WHAT THE TASK REQUIRES —
Please copy the data below exactly, from its first line through the line holding "Luxury 3-Bedroom Home", and skip the pictures.

==== RECORDS SUPPLIED

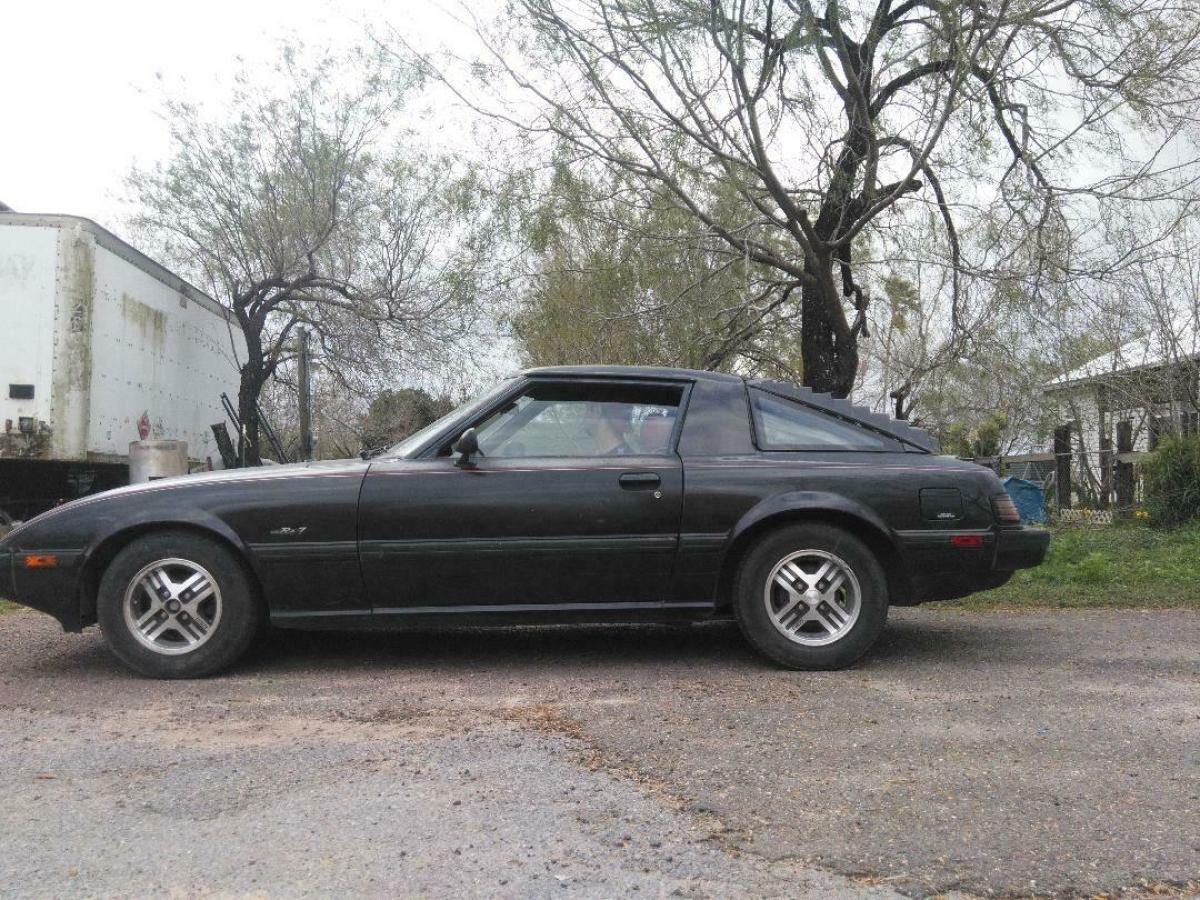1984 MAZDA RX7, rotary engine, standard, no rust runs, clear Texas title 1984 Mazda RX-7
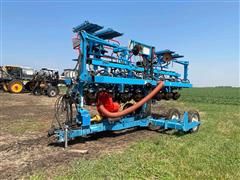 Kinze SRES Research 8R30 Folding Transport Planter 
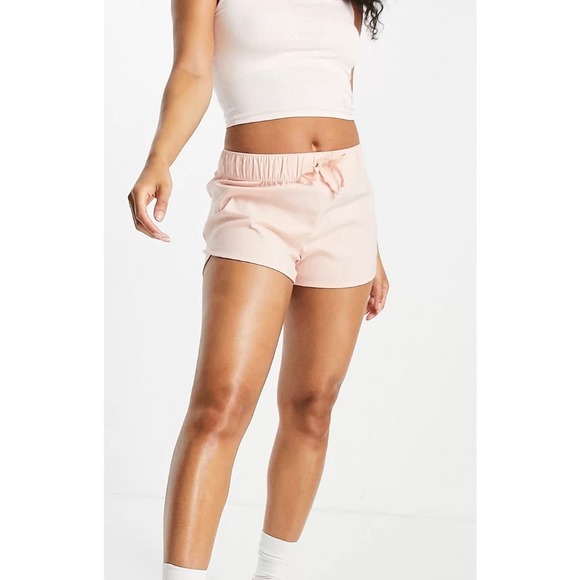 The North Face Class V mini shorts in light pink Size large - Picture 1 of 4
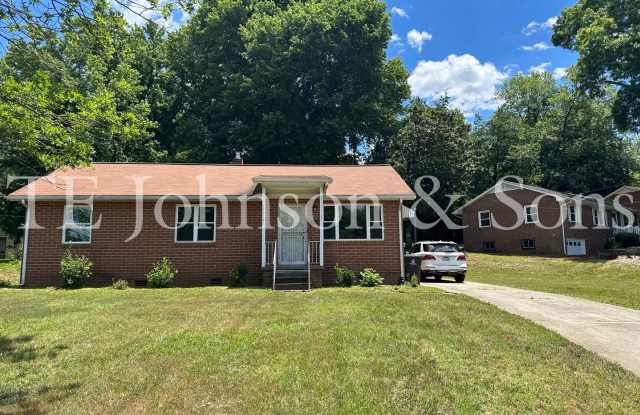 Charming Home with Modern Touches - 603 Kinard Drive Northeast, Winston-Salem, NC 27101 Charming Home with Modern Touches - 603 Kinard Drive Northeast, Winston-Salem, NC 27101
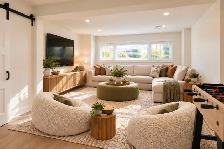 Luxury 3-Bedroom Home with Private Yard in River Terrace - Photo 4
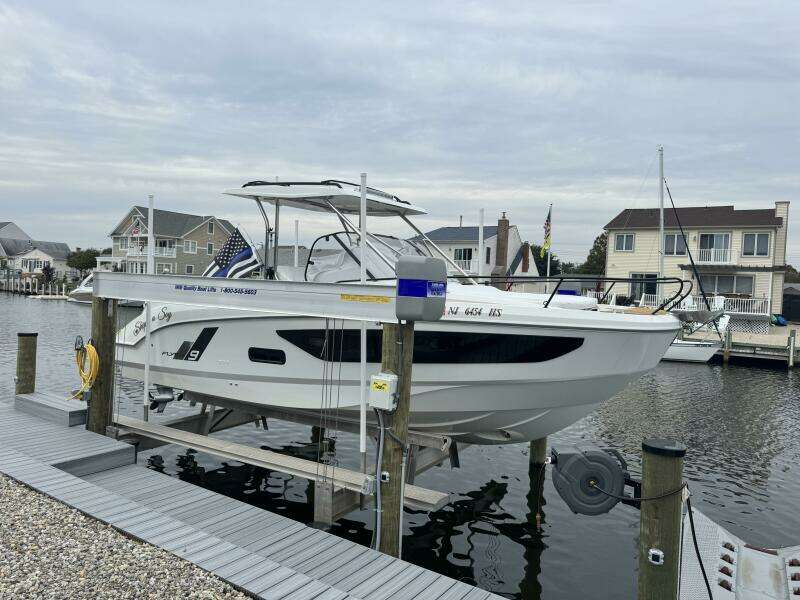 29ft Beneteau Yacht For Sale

========

SOLUTION TO THE PROBLEM —
1984 MAZDA RX7, rotary engine, standard, no rust runs, clear Texas title 1984 Mazda RX-7
 Kinze SRES Research 8R30 Folding Transport Planter 
 The North Face Class V mini shorts in light pink Size large - Picture 1 of 4
 Charming Home with Modern Touches - 603 Kinard Drive Northeast, Winston-Salem, NC 27101 Charming Home with Modern Touches - 603 Kinard Drive Northeast, Winston-Salem, NC 27101
 Luxury 3-Bedroom Home with Private Yard in River Terrace - Photo 4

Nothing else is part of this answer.